• **Work task**
The reply needs the lines from the one containing "[Free bird] ネックレス" through the end of the material, each repeated exactly, and no pictures.

• **Data below**
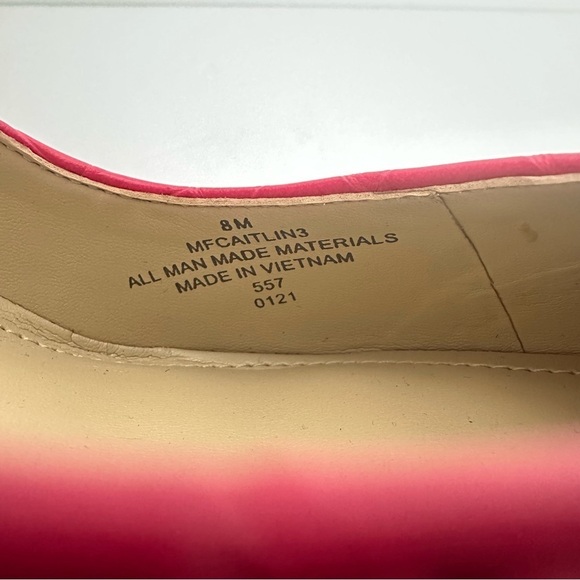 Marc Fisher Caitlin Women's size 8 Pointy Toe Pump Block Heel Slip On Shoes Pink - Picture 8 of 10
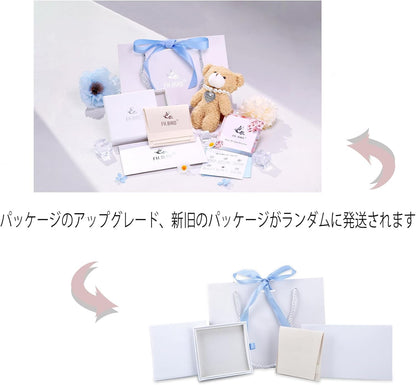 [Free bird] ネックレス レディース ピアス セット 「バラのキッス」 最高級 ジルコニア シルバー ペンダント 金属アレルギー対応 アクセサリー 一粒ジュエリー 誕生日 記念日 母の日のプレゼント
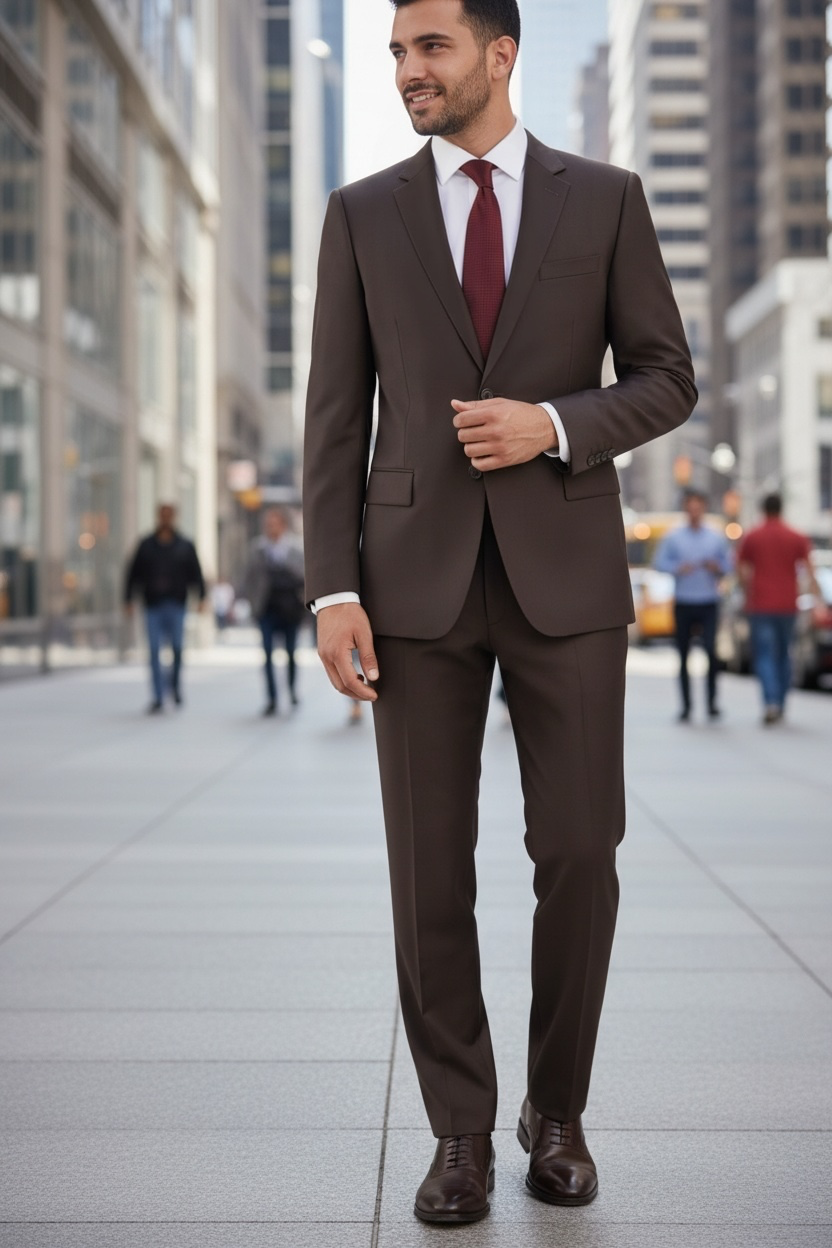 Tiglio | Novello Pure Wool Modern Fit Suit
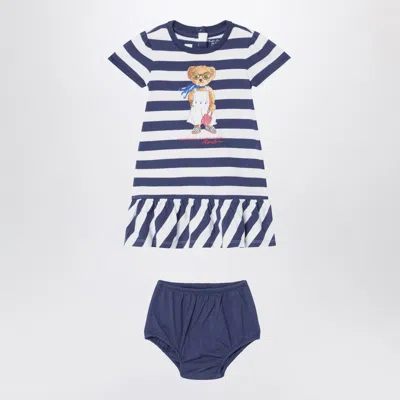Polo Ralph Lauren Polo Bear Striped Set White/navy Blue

• **Task response**
 [Free bird] ネックレス レディース ピアス セット 「バラのキッス」 最高級 ジルコニア シルバー ペンダント 金属アレルギー対応 アクセサリー 一粒ジュエリー 誕生日 記念日 母の日のプレゼント
 Tiglio | Novello Pure Wool Modern Fit Suit
Polo Ralph Lauren Polo Bear Striped Set White/navy Blue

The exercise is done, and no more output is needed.